- _Pictures with short captions_
========================
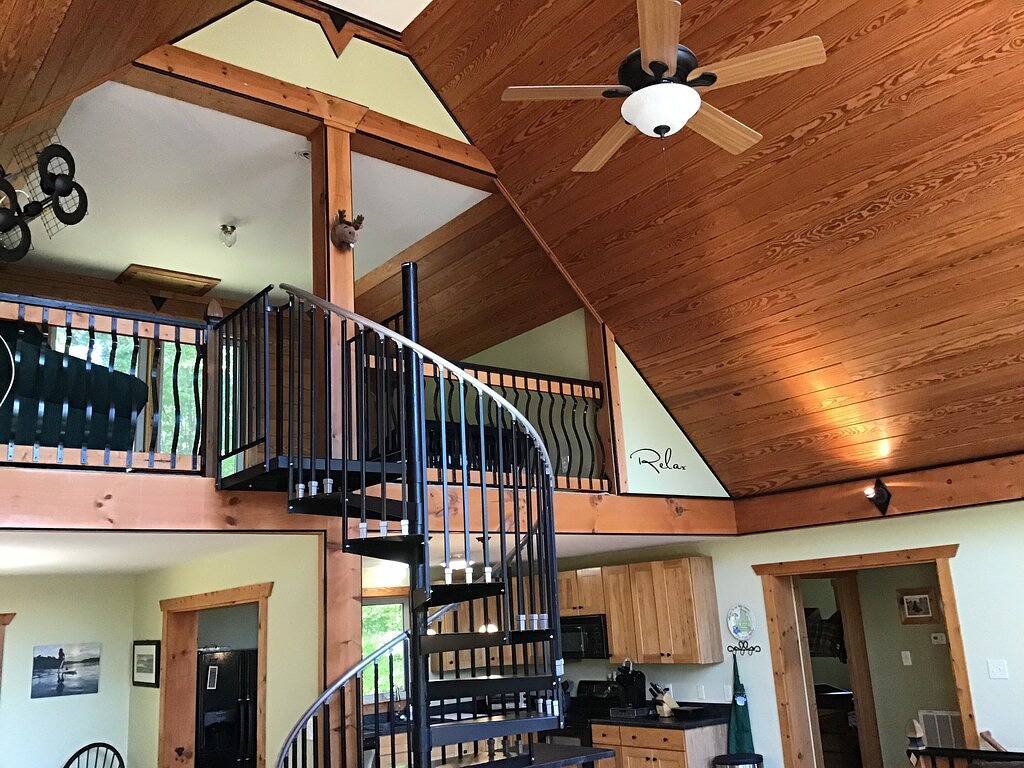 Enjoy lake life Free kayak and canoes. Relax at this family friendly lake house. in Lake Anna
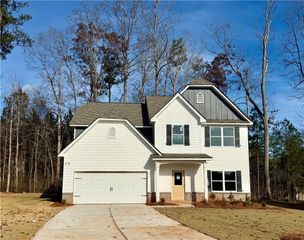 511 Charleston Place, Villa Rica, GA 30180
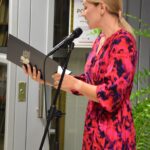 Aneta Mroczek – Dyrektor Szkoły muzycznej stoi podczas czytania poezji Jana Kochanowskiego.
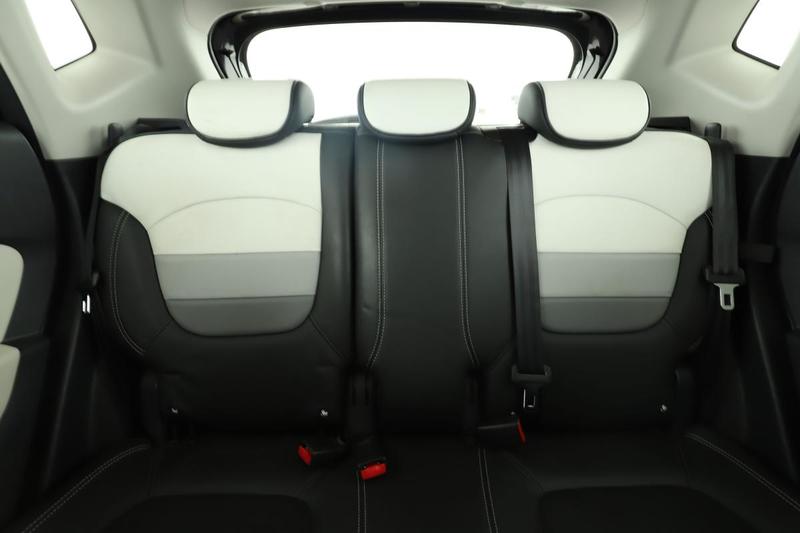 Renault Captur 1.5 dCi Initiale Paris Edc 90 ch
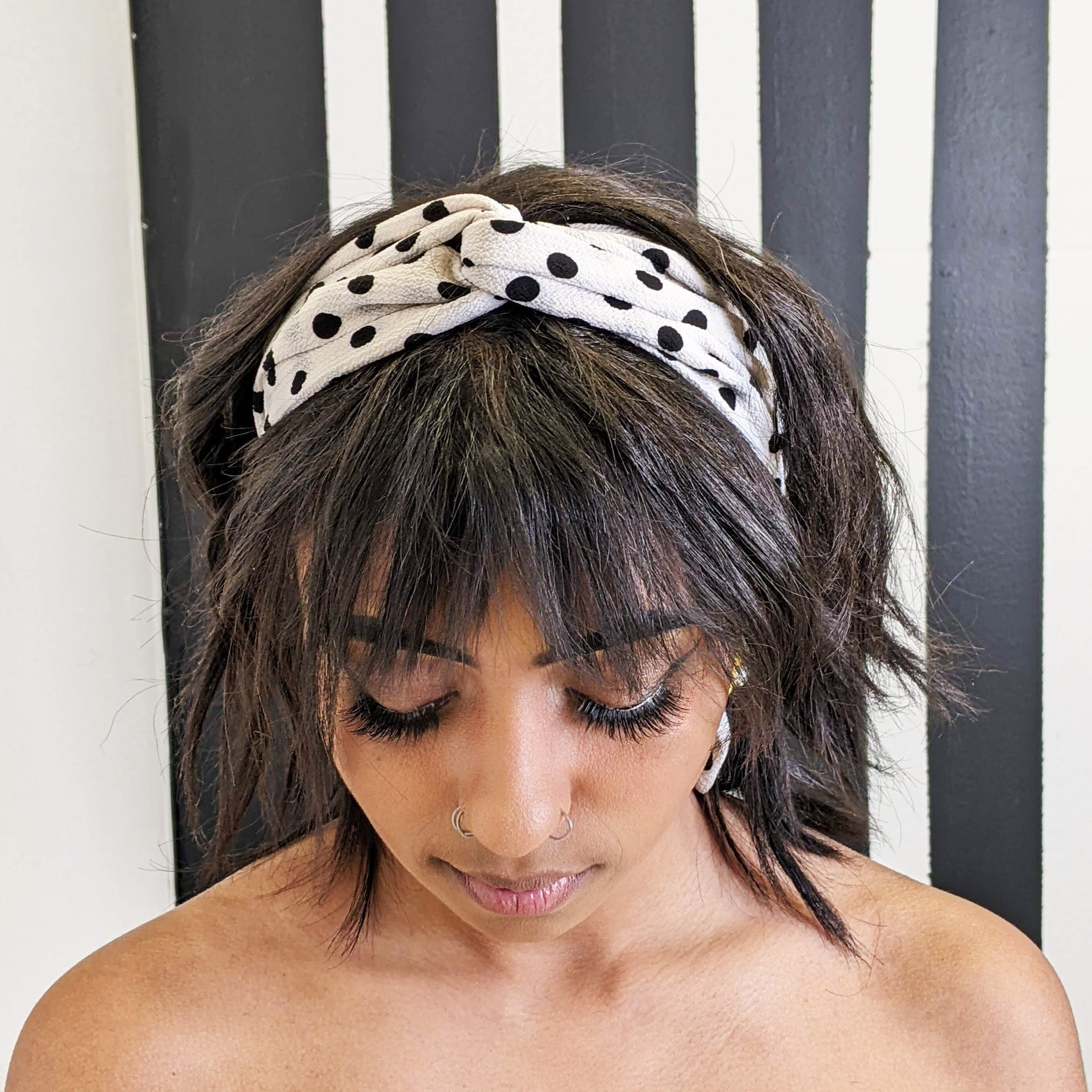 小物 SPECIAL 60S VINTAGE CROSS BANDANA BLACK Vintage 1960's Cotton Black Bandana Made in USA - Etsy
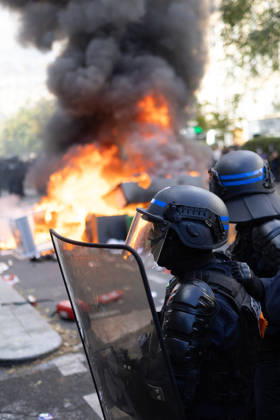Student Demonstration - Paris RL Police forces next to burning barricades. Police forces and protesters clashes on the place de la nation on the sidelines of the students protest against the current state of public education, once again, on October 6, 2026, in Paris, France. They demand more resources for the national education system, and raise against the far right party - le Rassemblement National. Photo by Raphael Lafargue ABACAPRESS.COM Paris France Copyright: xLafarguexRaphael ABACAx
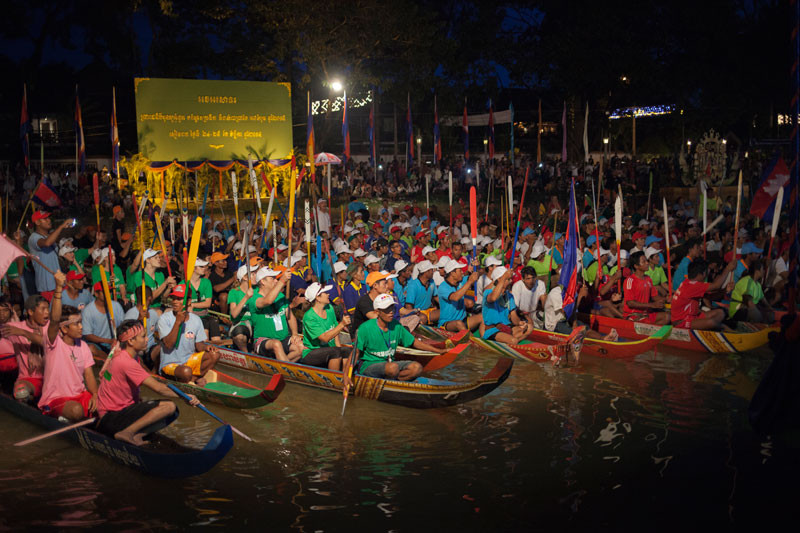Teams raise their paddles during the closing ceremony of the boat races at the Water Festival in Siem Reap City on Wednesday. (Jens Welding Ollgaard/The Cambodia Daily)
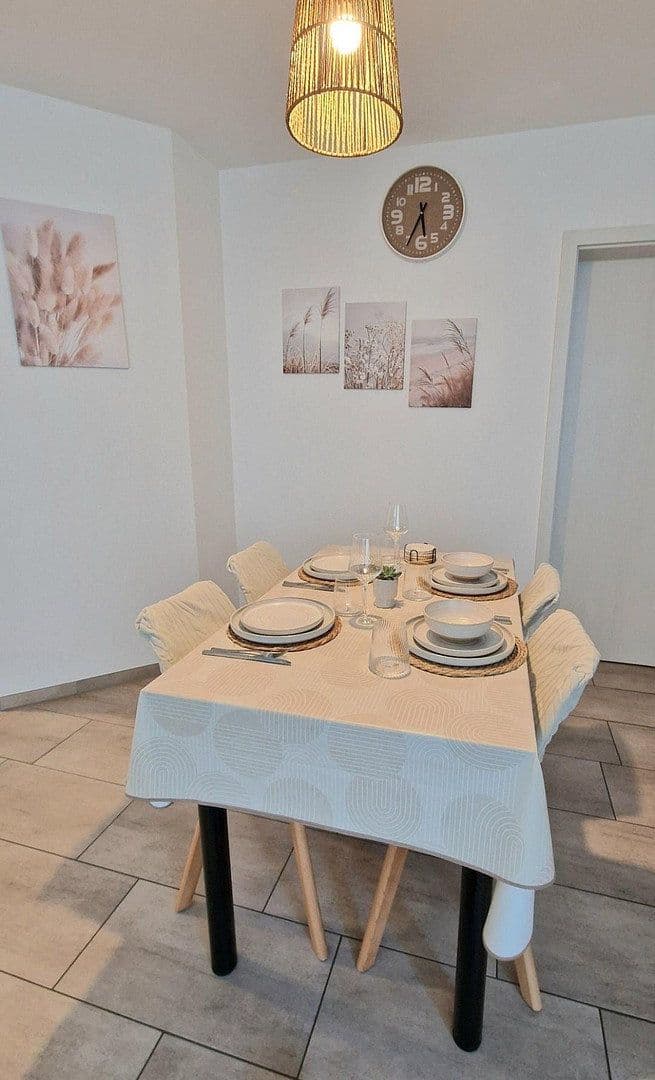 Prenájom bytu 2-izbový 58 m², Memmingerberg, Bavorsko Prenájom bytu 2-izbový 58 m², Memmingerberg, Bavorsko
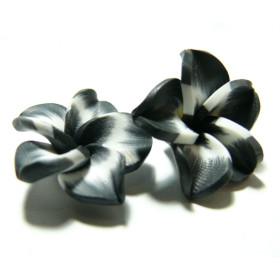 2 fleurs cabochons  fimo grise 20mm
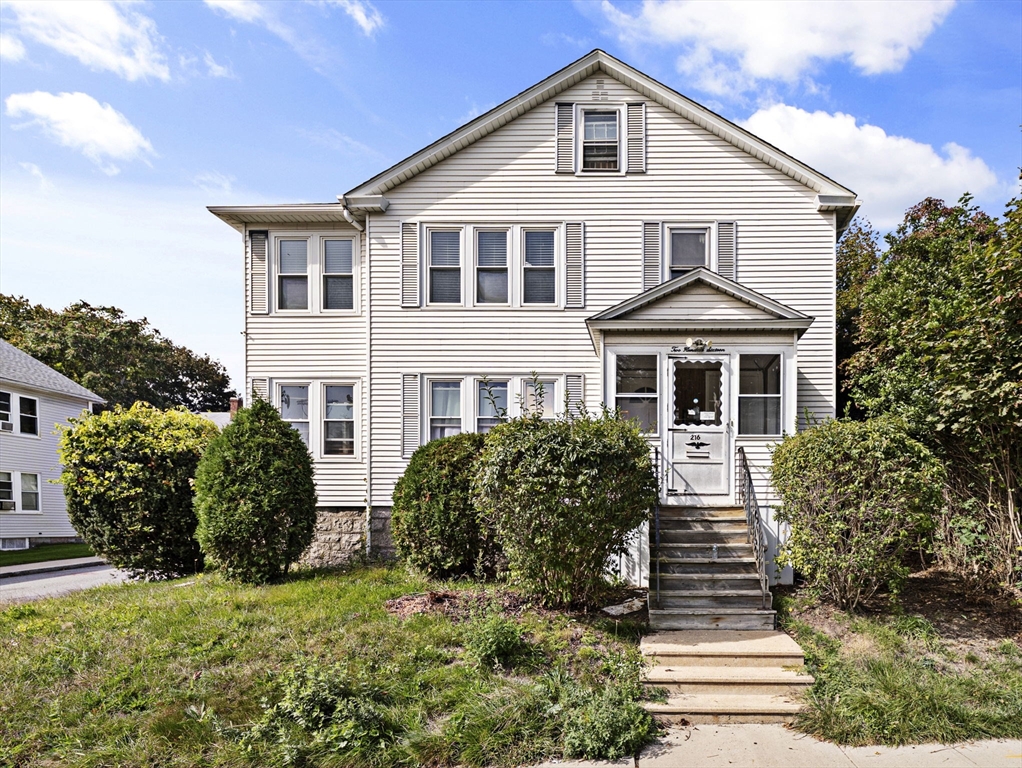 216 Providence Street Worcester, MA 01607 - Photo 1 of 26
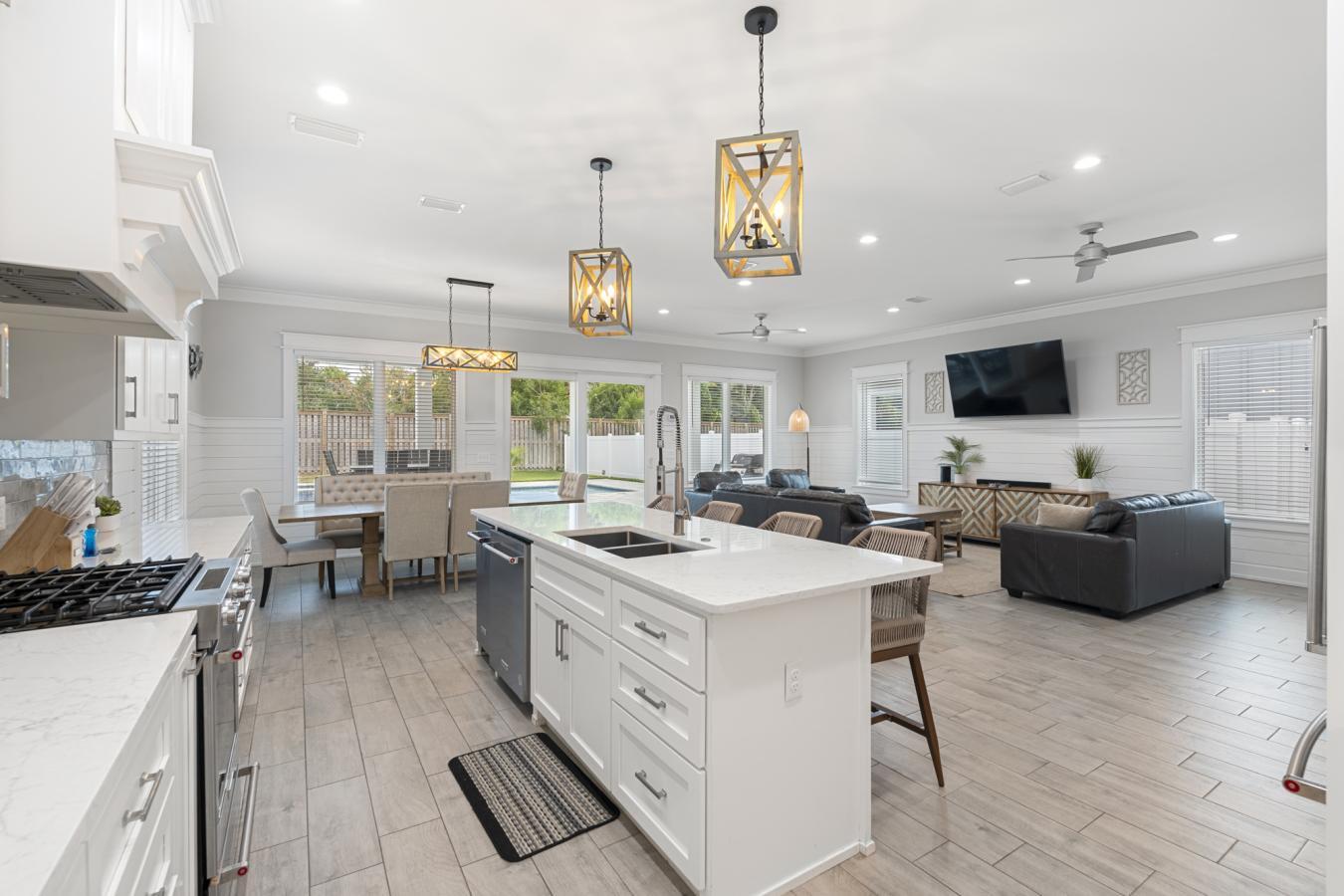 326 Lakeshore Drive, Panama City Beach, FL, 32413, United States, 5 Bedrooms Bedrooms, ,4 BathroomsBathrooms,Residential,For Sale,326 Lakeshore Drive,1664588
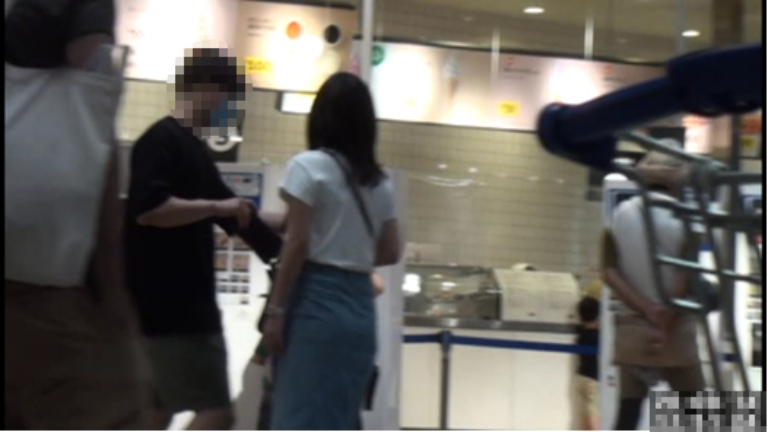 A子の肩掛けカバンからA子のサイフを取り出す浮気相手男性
========================
- _WHAT YOU HAVE TO DO_
Out of the records above, please copy exactly the lines from the line with "511 Charleston Place, Villa Rica, GA 30180" up to and including the line with "Prenájom bytu 2-izbový 58 m², Memmingerberg, Bavorsko Prenájom", minus the pictures.

- _FINISHED TASK_
 511 Charleston Place, Villa Rica, GA 30180
 Aneta Mroczek – Dyrektor Szkoły muzycznej stoi podczas czytania poezji Jana Kochanowskiego.
 Renault Captur 1.5 dCi Initiale Paris Edc 90 ch
 小物 SPECIAL 60S VINTAGE CROSS BANDANA BLACK Vintage 1960's Cotton Black Bandana Made in USA - Etsy
Student Demonstration - Paris RL Police forces next to burning barricades. Police forces and protesters clashes on the place de la nation on the sidelines of the students protest against the current state of public education, once again, on October 6, 2026, in Paris, France. They demand more resources for the national education system, and raise against the far right party - le Rassemblement National. Photo by Raphael Lafargue ABACAPRESS.COM Paris France Copyright: xLafarguexRaphael ABACAx
Teams raise their paddles during the closing ceremony of the boat races at the Water Festival in Siem Reap City on Wednesday. (Jens Welding Ollgaard/The Cambodia Daily)
 Prenájom bytu 2-izbový 58 m², Memmingerberg, Bavorsko Prenájom bytu 2-izbový 58 m², Memmingerberg, Bavorsko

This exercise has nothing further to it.